I do not know what the government are going to do next but this is an enormous tax. We are having two big taxes. The way they are going—the way they are spending—I cannot see the need for another tax any time soon; it is simply a notion over the horizon. It is tax time: we have had 19. There are bound to be more because they are not going to change their behaviour about how they spend, any time soon.

We wonder about the motivation of the Minerals Resource Rent Tax Bill 2011. It is certainly not motivated by our national interest. Probably that is not entirely correct; they are probably motivated by saying, 'We now need to save Australia from the Labor Party, so we now need to find more money to save Australia from the Labor Party.' Of course, it is the same affliction. It is like the leaders: 'I know! This is a disaster; we'll change leaders.' Look, mate, you are still driving a Volvo. You have fundamental problems with the motor vehicle. Changing leaders and mucking about with the edges is not going to change a thing. The only time that this country has to look forward to is the time when you are removed from the treasury bench. The refilling of Labor's coffers, of course, will not work because the planned $11.1 billion income is turning into a $6.3 billion black hole.

The fact is that this stabs at the heart of our sovereign integrity. Who would know what damage that would do, because it has never really been done before? Everybody trusts Australia. It is a secure place. It is a good place to do business, with fair dinkum, honest people. Now, suddenly, we will not know what the damage is because it is only recently that we have thrust a dagger in the heart of our own integrity with issues like the live cattle trade and indeed the two monster taxes that are coming up.

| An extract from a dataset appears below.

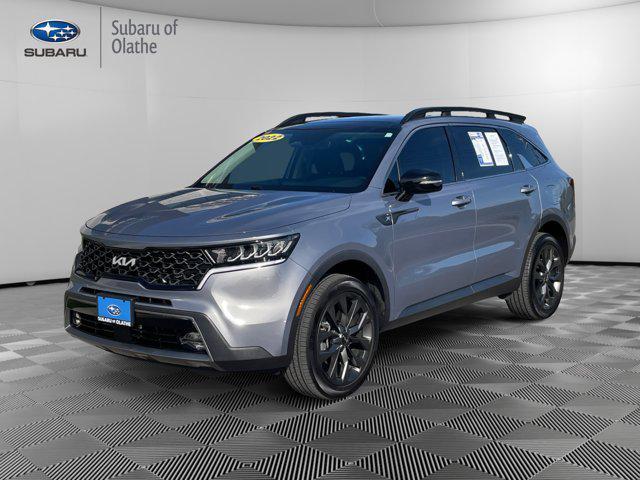 used 2022 Kia Sorento car, priced at $29,877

It places a risk on small prospectors, those who need the most help, those who are most vulnerable. They are putting out prospectuses and they say, 'In this prospectus, this is what's happening; it's all exciting,' and all those things. People say, 'I'd love to invest in that company.' And people do not invest for philanthropic reasons; people invest because they want to make money. They say, 'Yes, but perhaps I can invest somewhere else where it's safer and we're not going to have this enormous tax.'

This is a dreadful tax that is motivated by all the wrong reasons. It is not going to provide the bucket of funds that they believe it will provide. It is going to destroy our sovereign risk assessment. It is going to put at risk small prospectors. It is going to put at risk people who have made a huge investment. And it will do very little else. So this dreadful tax, on any assessment, fails the national interest test and should not be supported, not by this side. But there is a chance for those on the other side not to support it either. In just a few short moments: I know the Greens are bringing amendments to this place that say, 'This extremely bad industry-damaging tax is not hurting enough industries and it's not creating enough funds.' I understand—without verballing you, Senator Brown—that they are not hypothecated funds, so they will still be subject to the idiocy of those opposite. I will not be supporting this legislation and I commend all others to ignore it as I will.